The United States hereby informs the Court that the Government, in filing its Motion for Stay of Proceedings, incorrecdtly stated its likelihood of success on the merits rather than success on the pending Writ-Appeal, and respectfully moves to submit a new motion containing the correct argument.

We’ve posted that new motion here.

12 Responses to “Code 46 moves to file corrected Lawanson motion for stay”

  1. Charlie Gittins says:

    Like I said, if the court has any integrity, they’ll apply the same standard to the original motion that they did to the Partington appeal brief.  In my opinion, Earl’s argument was well inside the lines.  The G’s in this case . . . not so much.  Let’s see some real analysis, and evaluation, by this court where it is the Government that is arguing a clearly questionable position

  2. Some DC says:

    Isn’t a Motion to Correct Errata designed to correct minor or technical issues like a misspelling or a mis-cite on a case?  Not a whole change of argument.  The government isn’t correcting errata they are filing a new motion.   THis argument went from all dead to mostly dead. There’s a big difference between mostly dead and all dead. Mostly dead is slightly alive.  With all dead, well with all dead there is only one thing you can do.   
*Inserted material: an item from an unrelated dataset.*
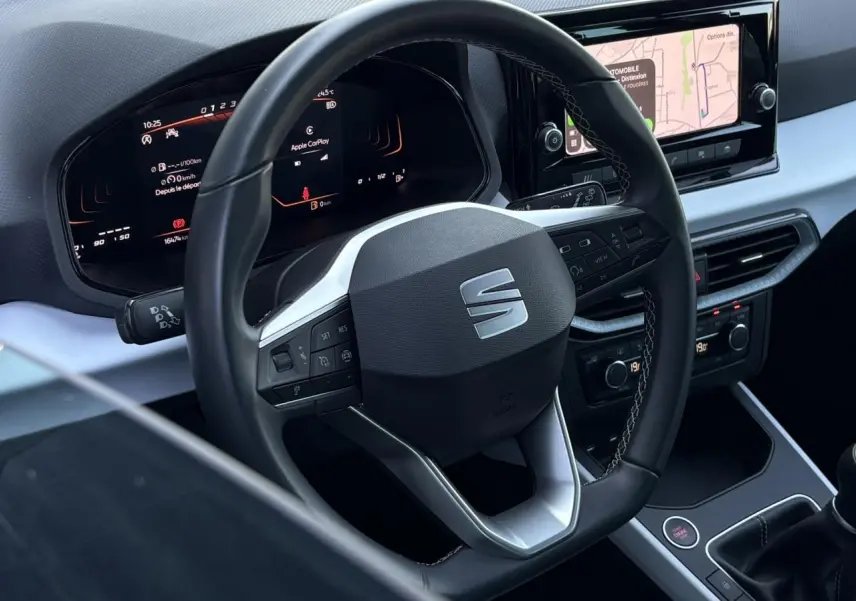 Vue intérieure centrée sur le volant cuir multifonction et le tableau de bord digital de la SEAT Ibiza TSI 115 Xcellence.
  3. Zachary Spilman says:

    Charlie,

    I pointed out the facts as stated by the CCA, that include:

    On the morning of 1 February 2012, NCIS interviewed the petitioner. During the interview, the petitioner admitted to having sexual intercourse with NG in his barracks room, but asserted that the intercourse was consensual.
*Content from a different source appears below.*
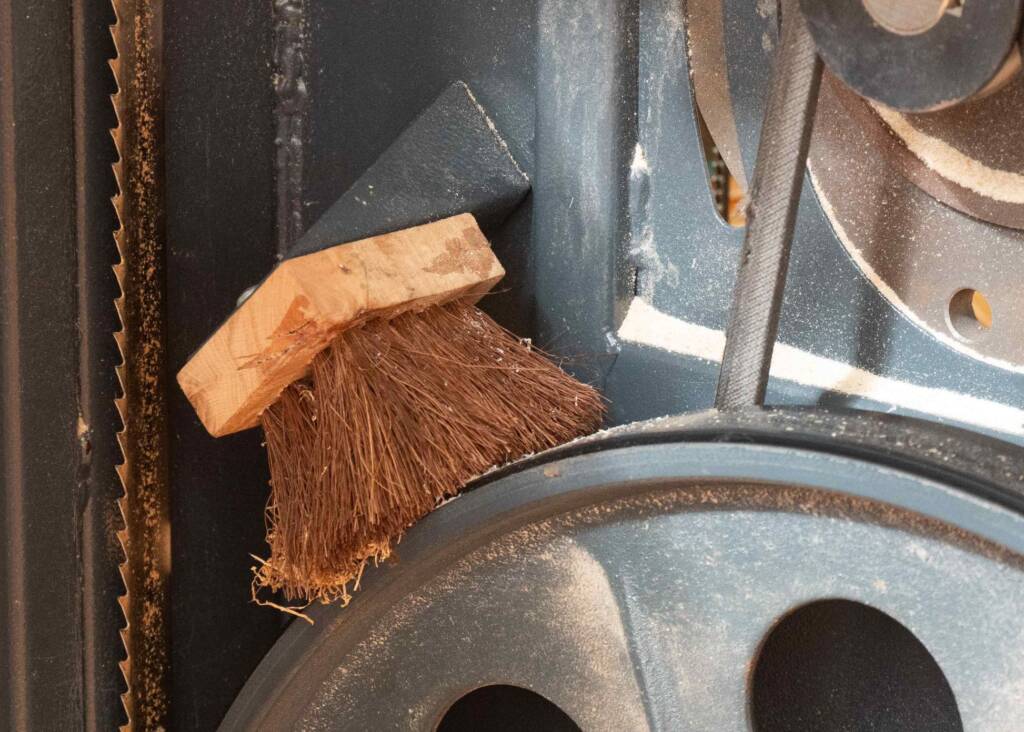 Kleine Bürste aus Holz und Naturborsten reinigt das Antriebsrad einer Bandsäge von Sägemehl.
    But the government’s Motion says:

    On the morning of February 1, 2012, Petitioner reported to NCIS. (Appellate Ex. IV at 108.) After waiving his Article 31 (b) rights, Petitioner admitted that he continued to have sex with Ms. NG after she said “stop” and attempted to push him off of her.

    These factual assertions certainly appear inconsistent. However, I’m not so convinced it’s appropriate to release the professional responsibility hounds on this, especially since the unknowns in this case outweigh the knowns. 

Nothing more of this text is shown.